# DESCRIPTION OF THE TASK
Beginning with the opening line of the entries, return every line through the one containing "Loción Hidratante para", both included, and nothing else. Omit pictures.

[Caption-style text data]
══════
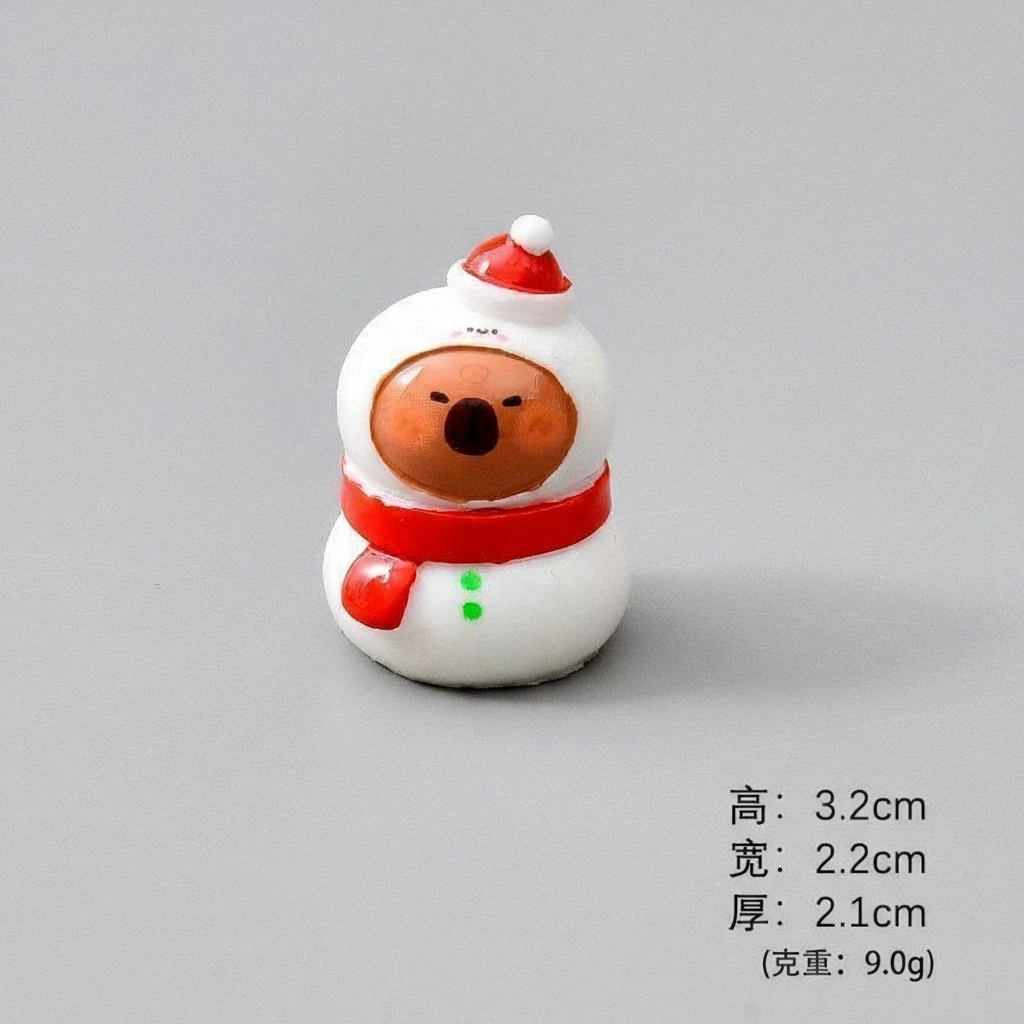 Christmas Capybara Mini Figure Set Holiday Themed Festive Animal Ornaments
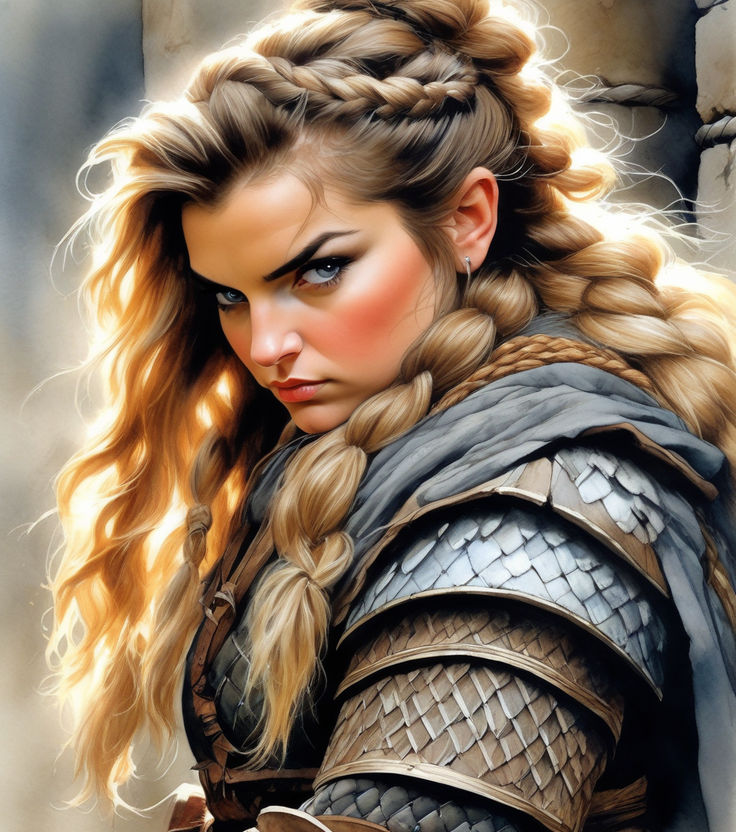Fierce Gaze: Female Dwarf Warrior #1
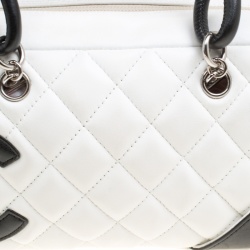 Pre Owned Chanel White/Black Quilted Leather Cambon Ligne Bowler Bag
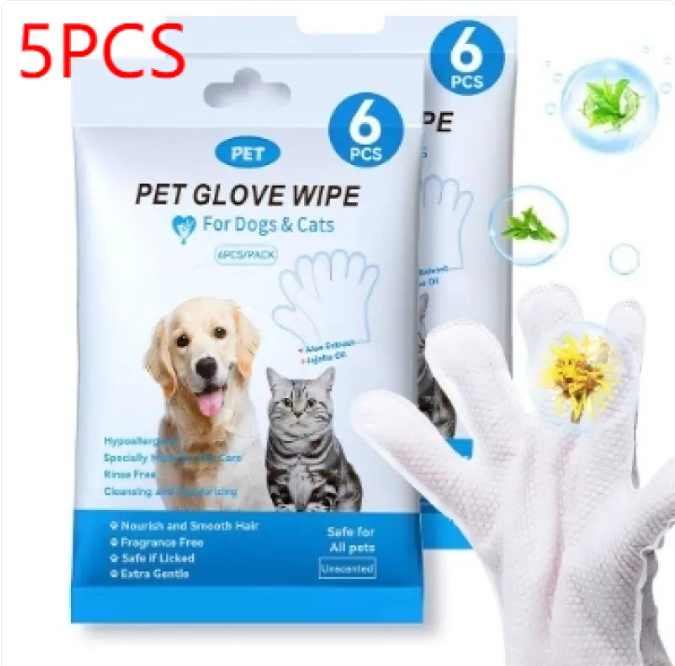 Guantes y toallitas de limpieza para mascotas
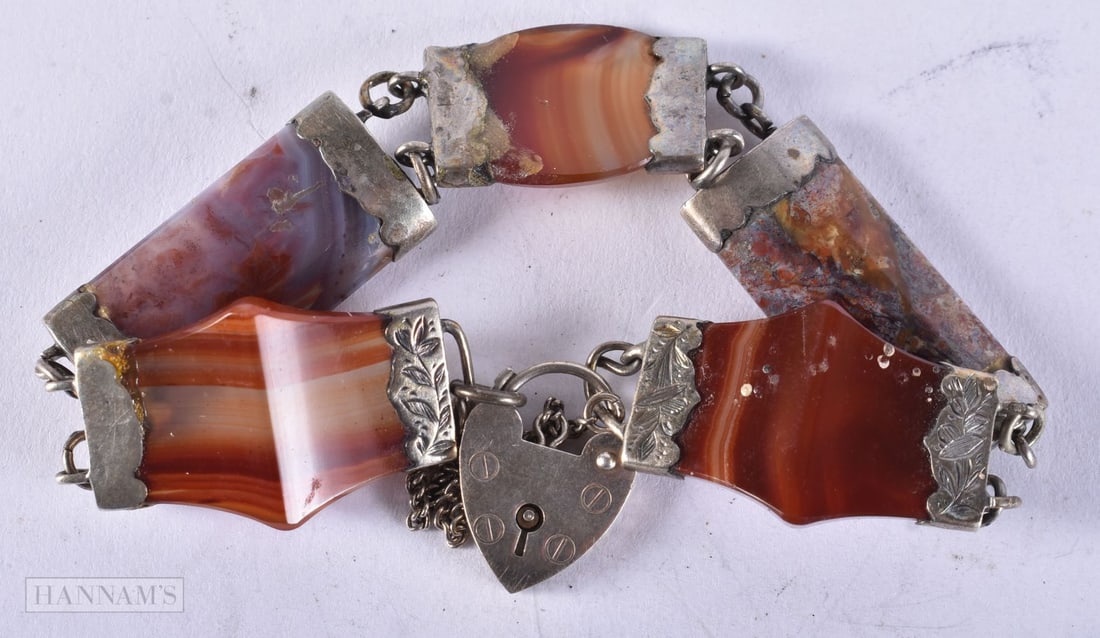 Antique Sterling Silver Banded Agate Bracelet 27g. 16 cm long. (1 of 4)
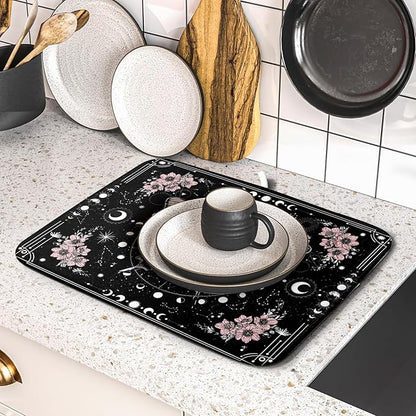 Skeleton Butterfly Dish Drying Mat Black Skull Absorbent Dish Drainer for Kitchen Counter Holiday Decor - Image 5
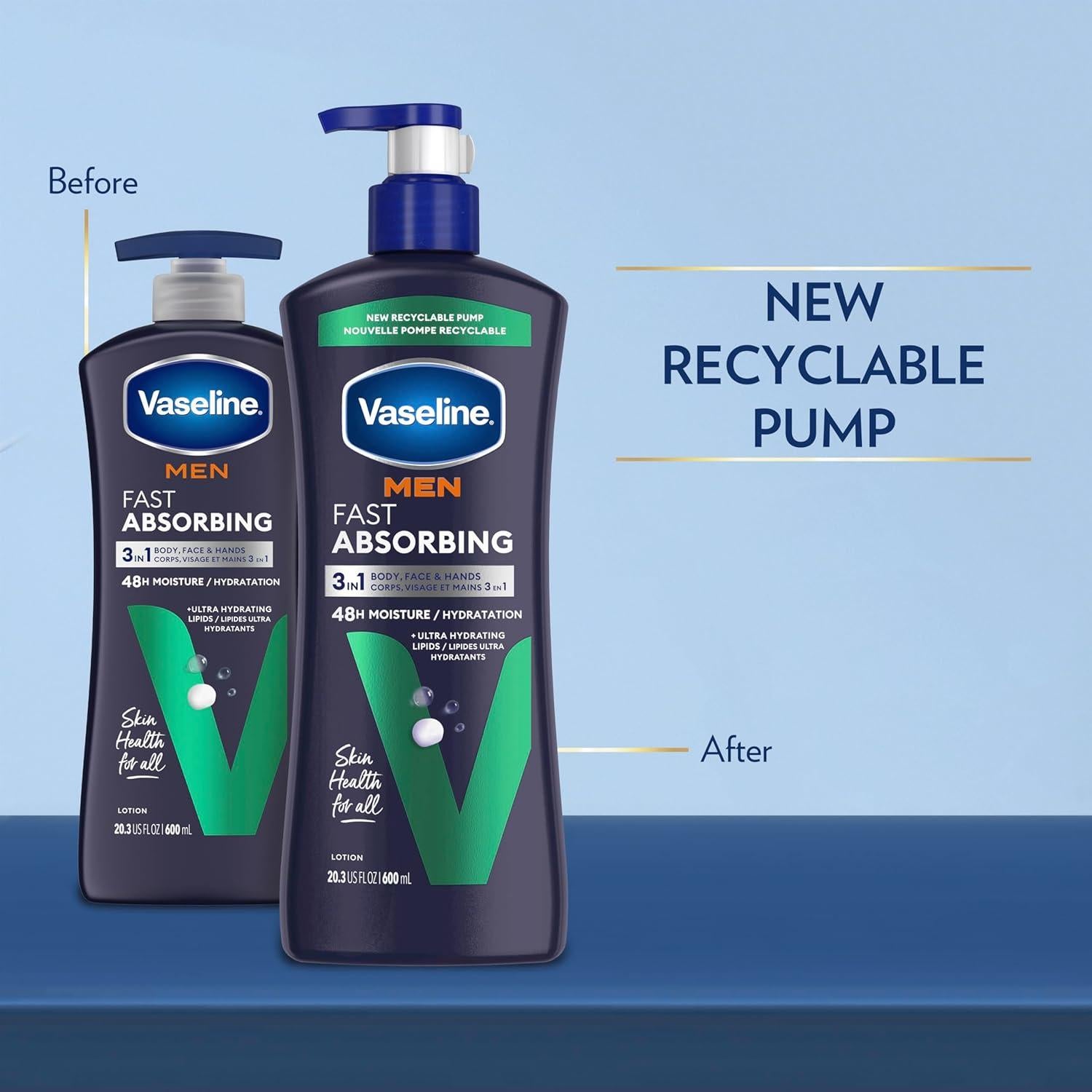 Loción Hidratante para Hombres Vaseline 573.5 ml - Paquete de 3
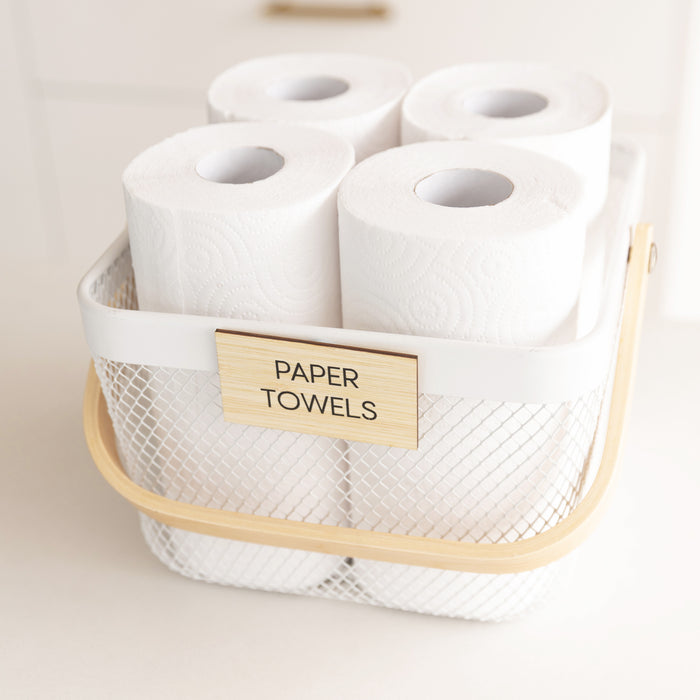 White Small Handy Storage Basket with Wooden Handle - Little Label Co The Home of Organisation For Kitchen, Bathroom, Laundry & More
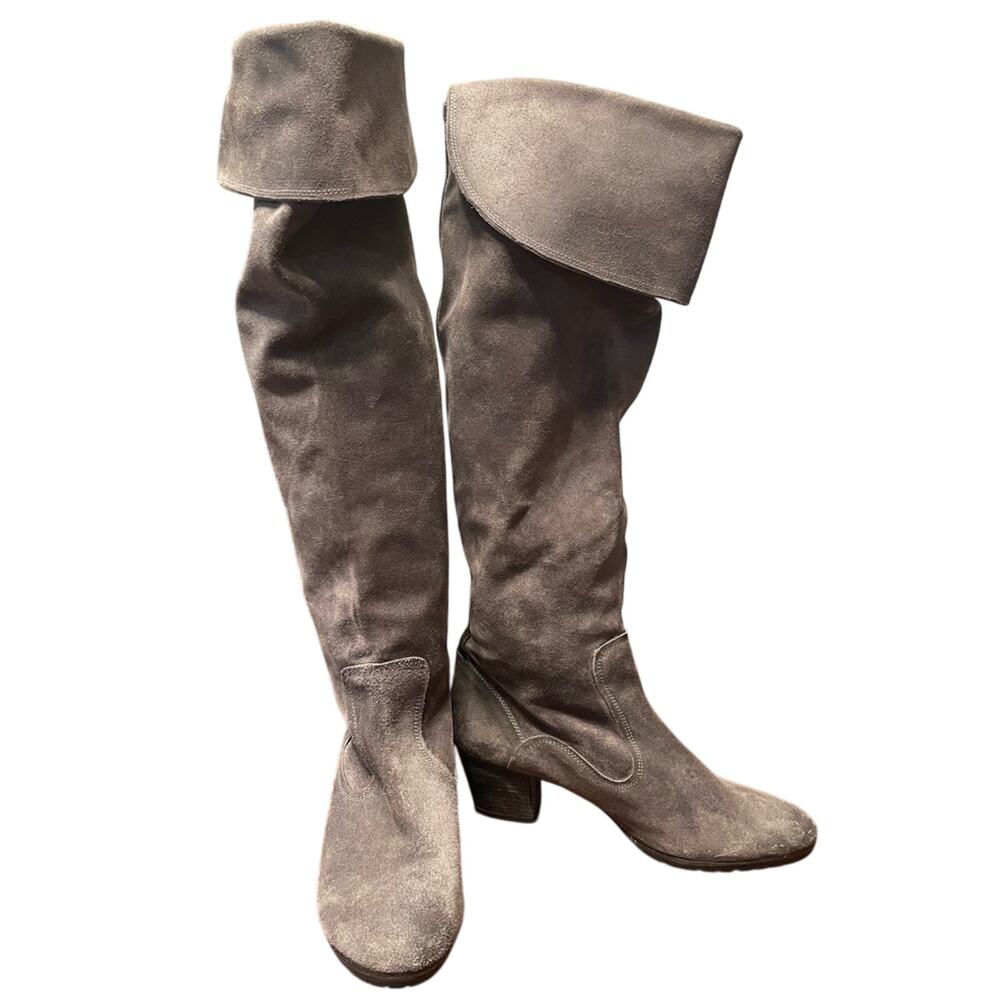 Gray Suede Knee High Handmade Boots n.d.c. 40 Tall Dressy Bohemian Earthy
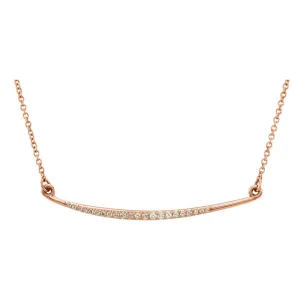 14k Rose Gold 1/8 CTW Diamond Curved Bar 16" Necklace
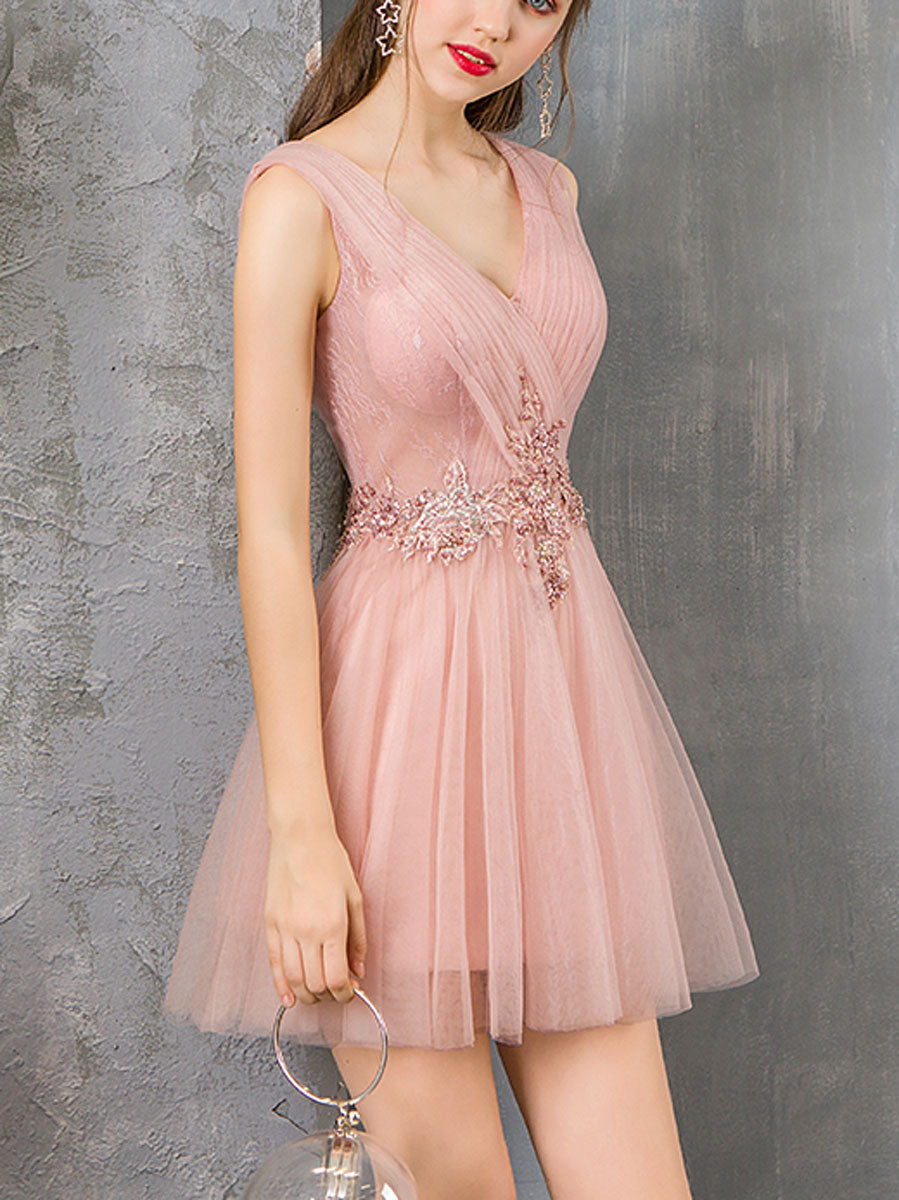 A-Line V-Neck Knee-Length Blush Tulle Homecoming Dress with Beaded Lace Bodice
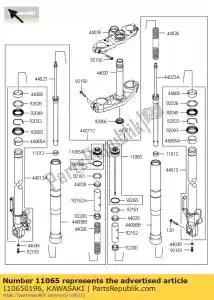 Kawasaki 110650196 tampa, parafuso do garfo comp, direita - Lado inferior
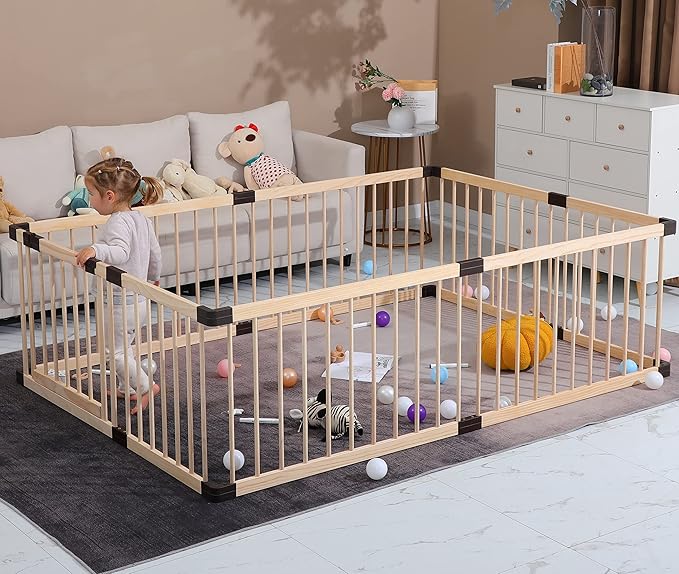 Baby Playpen,Playpen for Babies and Toddlers, Wooden Baby Playpen,79x71, Baby Play Pen,Baby Play Fence,Baby Play Yards,Baby Activity Center (180x200CM)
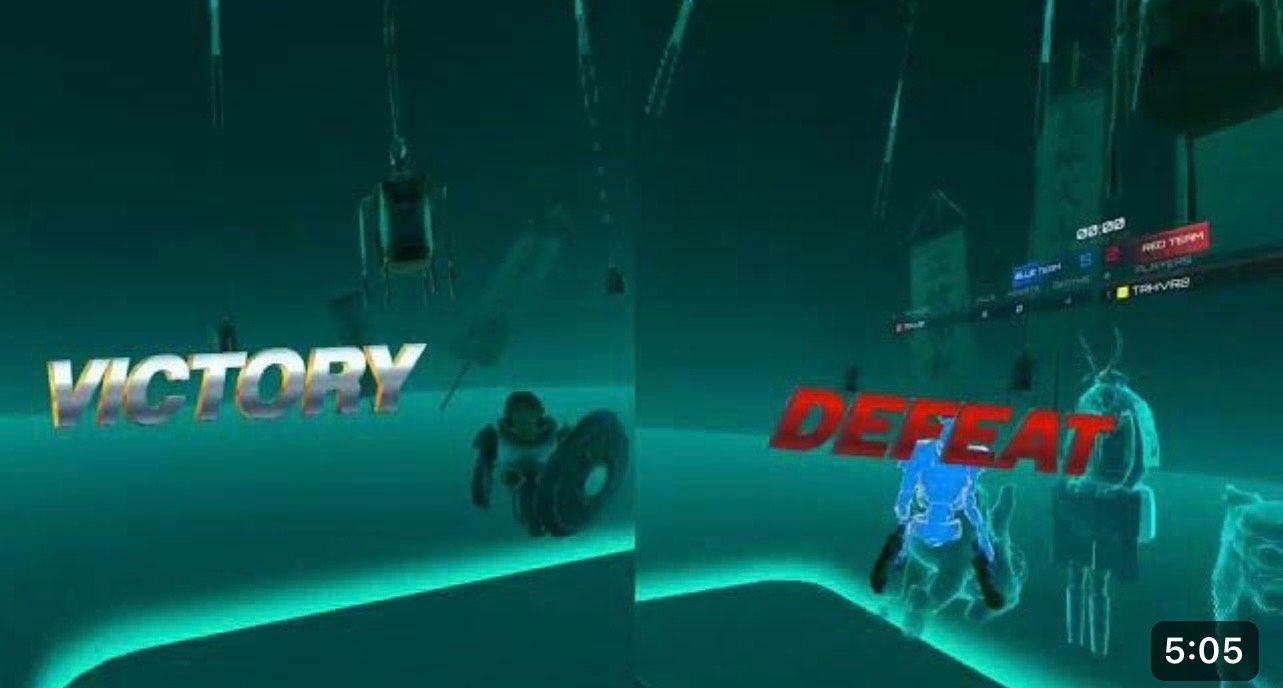 A video game with the words victory and defeat on the screen.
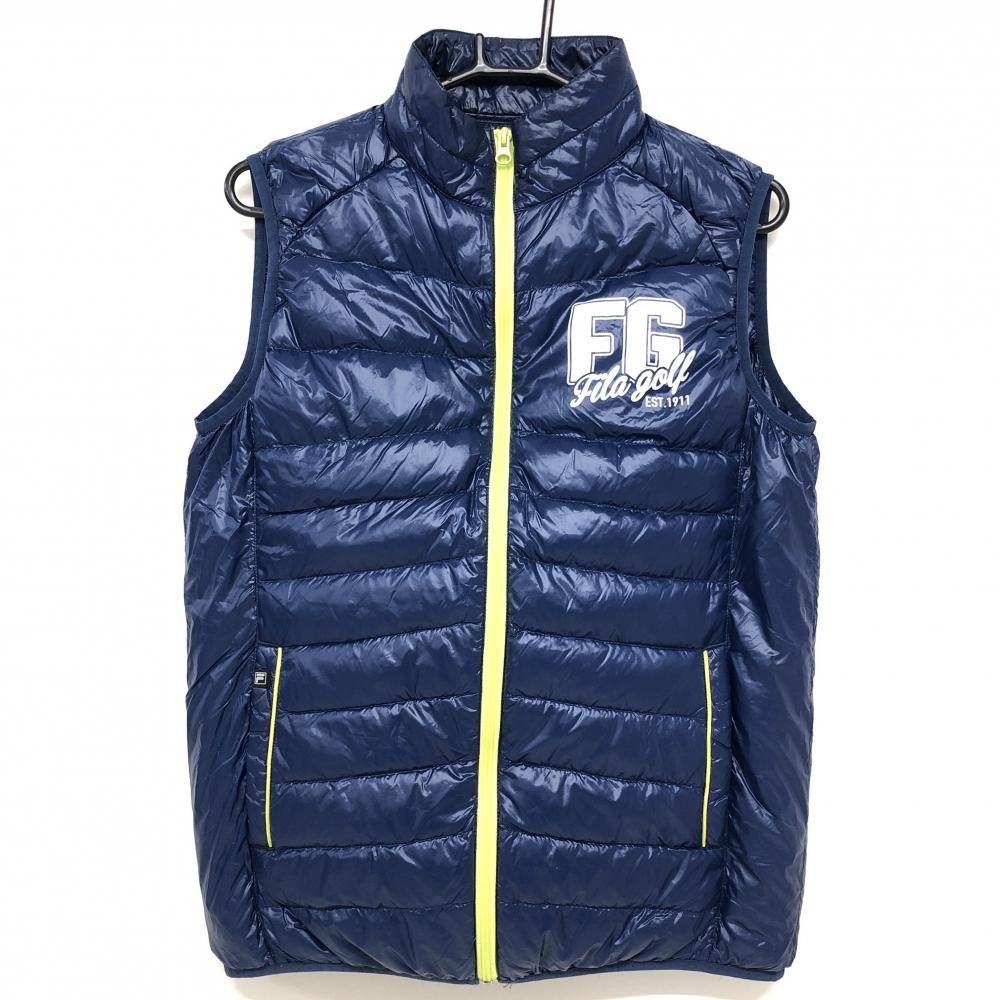 【美品】フィラゴルフ ダウンベスト ネイビー×蛍光イエロー ロゴプリント メンズ L ゴルフウェア FILA GOLF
══════
# EXPECTED OUTPUT
 Christmas Capybara Mini Figure Set Holiday Themed Festive Animal Ornaments
Fierce Gaze: Female Dwarf Warrior #1
 Pre Owned Chanel White/Black Quilted Leather Cambon Ligne Bowler Bag
 Guantes y toallitas de limpieza para mascotas
 Antique Sterling Silver Banded Agate Bracelet 27g. 16 cm long. (1 of 4)
 Skeleton Butterfly Dish Drying Mat Black Skull Absorbent Dish Drainer for Kitchen Counter Holiday Decor - Image 5
 Loción Hidratante para Hombres Vaseline 573.5 ml - Paquete de 3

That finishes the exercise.